**Problem requirements**
Records follow. Copy every line with "Shop".

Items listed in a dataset

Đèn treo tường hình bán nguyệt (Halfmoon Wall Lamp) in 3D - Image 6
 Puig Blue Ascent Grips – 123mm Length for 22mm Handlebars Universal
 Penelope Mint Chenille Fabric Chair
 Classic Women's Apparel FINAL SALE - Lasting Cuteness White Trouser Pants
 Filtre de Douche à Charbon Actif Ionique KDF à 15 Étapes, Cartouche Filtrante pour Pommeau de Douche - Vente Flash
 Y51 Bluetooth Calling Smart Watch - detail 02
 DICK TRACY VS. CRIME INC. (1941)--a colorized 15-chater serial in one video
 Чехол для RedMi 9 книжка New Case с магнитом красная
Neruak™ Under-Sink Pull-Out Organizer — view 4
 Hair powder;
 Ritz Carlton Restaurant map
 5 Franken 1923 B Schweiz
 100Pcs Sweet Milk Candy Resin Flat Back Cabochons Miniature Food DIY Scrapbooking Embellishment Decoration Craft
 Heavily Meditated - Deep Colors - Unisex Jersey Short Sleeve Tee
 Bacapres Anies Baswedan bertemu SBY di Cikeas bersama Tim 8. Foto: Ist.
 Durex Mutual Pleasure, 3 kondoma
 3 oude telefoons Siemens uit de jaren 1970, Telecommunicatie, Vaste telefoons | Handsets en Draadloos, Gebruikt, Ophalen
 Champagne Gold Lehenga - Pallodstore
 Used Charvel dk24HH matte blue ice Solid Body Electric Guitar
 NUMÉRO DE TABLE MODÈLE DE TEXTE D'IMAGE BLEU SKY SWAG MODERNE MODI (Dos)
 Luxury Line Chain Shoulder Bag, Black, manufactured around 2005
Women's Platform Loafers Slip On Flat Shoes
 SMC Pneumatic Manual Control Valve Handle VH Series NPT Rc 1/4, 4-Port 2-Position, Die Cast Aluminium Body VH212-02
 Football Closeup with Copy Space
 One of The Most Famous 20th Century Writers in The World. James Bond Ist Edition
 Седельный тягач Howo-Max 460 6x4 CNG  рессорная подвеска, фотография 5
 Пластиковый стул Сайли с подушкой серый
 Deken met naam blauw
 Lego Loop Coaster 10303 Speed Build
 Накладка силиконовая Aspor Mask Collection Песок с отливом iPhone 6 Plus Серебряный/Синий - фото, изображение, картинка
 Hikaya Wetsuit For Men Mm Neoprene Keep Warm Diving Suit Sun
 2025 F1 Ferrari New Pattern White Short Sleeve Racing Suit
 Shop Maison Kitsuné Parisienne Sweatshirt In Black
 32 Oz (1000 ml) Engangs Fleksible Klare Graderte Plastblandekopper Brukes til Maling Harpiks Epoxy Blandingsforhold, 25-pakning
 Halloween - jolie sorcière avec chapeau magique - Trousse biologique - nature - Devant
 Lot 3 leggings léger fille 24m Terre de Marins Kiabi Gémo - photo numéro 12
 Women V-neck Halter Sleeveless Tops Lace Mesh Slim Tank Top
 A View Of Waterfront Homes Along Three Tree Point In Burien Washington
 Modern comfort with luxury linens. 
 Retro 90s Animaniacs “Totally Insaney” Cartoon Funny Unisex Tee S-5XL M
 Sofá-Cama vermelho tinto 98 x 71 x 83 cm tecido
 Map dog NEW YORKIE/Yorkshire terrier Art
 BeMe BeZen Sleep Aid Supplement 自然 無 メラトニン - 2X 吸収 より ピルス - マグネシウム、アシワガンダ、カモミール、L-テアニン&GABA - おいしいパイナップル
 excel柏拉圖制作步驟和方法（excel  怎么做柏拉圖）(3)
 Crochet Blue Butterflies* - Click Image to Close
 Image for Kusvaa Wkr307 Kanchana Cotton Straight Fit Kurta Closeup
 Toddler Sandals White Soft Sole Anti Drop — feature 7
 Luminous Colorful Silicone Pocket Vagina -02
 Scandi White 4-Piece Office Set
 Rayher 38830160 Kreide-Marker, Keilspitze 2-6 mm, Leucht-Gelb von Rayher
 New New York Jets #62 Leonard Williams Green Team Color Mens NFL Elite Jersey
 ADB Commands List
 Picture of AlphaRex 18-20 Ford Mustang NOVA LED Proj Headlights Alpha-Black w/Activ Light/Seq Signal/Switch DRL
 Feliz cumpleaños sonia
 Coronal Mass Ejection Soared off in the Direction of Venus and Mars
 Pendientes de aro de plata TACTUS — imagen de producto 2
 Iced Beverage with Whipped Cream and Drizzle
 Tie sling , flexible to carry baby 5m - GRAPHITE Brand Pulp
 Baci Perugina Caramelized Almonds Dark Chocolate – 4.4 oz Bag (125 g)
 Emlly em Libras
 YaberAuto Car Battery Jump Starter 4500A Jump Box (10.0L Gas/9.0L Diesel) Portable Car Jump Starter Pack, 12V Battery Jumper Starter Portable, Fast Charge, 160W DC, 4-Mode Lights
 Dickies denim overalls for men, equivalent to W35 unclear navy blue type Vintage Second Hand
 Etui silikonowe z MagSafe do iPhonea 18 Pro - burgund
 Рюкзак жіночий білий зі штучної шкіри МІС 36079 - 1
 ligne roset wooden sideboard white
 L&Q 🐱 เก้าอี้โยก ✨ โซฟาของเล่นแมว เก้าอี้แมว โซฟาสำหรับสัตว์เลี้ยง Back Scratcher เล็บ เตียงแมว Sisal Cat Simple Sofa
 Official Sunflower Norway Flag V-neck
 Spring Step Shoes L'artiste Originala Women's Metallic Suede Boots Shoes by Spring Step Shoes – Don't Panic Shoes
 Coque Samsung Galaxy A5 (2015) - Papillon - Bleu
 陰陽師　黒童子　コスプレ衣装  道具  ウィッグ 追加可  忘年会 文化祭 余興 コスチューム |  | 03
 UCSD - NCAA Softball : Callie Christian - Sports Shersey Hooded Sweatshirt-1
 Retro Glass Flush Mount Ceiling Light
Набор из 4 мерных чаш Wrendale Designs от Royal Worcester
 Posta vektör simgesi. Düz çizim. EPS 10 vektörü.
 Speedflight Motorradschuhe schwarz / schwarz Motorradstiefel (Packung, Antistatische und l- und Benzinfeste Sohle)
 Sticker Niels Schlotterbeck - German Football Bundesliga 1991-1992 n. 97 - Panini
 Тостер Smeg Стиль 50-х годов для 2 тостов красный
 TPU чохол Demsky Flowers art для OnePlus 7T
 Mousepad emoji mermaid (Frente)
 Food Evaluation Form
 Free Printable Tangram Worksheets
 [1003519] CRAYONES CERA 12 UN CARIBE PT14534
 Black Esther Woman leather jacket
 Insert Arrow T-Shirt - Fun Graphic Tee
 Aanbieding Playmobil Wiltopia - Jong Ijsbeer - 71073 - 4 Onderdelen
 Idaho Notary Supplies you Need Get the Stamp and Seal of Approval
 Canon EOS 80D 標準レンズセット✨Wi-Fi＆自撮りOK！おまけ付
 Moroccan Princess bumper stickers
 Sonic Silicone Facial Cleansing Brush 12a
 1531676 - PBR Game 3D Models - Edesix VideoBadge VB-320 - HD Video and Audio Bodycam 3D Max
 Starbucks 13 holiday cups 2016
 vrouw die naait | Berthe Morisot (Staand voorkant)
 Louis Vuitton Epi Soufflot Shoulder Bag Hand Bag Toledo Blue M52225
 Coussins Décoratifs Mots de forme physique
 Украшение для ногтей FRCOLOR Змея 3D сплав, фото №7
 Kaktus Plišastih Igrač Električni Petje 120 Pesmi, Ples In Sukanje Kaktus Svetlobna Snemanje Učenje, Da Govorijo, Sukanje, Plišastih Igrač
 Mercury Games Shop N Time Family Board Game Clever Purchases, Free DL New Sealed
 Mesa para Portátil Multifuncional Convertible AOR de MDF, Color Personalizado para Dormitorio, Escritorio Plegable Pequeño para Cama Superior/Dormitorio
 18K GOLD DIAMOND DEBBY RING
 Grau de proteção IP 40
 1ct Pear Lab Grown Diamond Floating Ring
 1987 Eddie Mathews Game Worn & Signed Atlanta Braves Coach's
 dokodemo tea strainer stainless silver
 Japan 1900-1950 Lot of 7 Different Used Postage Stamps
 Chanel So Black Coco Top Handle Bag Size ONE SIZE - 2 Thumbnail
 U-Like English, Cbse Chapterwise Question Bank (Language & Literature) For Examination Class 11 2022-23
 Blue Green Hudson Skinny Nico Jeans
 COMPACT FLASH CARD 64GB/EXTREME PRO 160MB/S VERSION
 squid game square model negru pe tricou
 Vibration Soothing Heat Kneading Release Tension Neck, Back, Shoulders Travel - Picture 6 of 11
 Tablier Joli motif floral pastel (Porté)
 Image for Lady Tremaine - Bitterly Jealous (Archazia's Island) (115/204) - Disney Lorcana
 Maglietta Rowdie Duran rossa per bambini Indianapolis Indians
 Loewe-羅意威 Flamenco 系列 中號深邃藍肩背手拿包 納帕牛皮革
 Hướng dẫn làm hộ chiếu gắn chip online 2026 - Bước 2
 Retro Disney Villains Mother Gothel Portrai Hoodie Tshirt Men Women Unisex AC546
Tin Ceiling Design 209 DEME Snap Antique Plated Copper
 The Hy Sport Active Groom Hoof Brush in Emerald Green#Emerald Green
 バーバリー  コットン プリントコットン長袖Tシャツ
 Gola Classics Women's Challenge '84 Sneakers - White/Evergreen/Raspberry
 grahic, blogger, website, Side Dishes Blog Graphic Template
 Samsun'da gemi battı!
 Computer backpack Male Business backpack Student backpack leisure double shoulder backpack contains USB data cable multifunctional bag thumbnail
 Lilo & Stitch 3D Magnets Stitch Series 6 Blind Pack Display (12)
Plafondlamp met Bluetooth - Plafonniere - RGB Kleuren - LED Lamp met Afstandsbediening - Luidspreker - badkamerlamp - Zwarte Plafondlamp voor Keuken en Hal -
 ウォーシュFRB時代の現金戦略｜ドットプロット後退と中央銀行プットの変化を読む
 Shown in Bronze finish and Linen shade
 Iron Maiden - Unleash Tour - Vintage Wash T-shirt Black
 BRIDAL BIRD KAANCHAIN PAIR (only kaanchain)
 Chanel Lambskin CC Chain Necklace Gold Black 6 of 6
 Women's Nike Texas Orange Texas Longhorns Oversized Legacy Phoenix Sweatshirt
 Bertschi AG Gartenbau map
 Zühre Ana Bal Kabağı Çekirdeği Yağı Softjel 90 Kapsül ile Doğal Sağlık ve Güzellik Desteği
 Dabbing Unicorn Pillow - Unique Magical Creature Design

**Finished exercise**
 Shop Maison Kitsuné Parisienne Sweatshirt In Black
 Mercury Games Shop N Time Family Board Game Clever Purchases, Free DL New Sealed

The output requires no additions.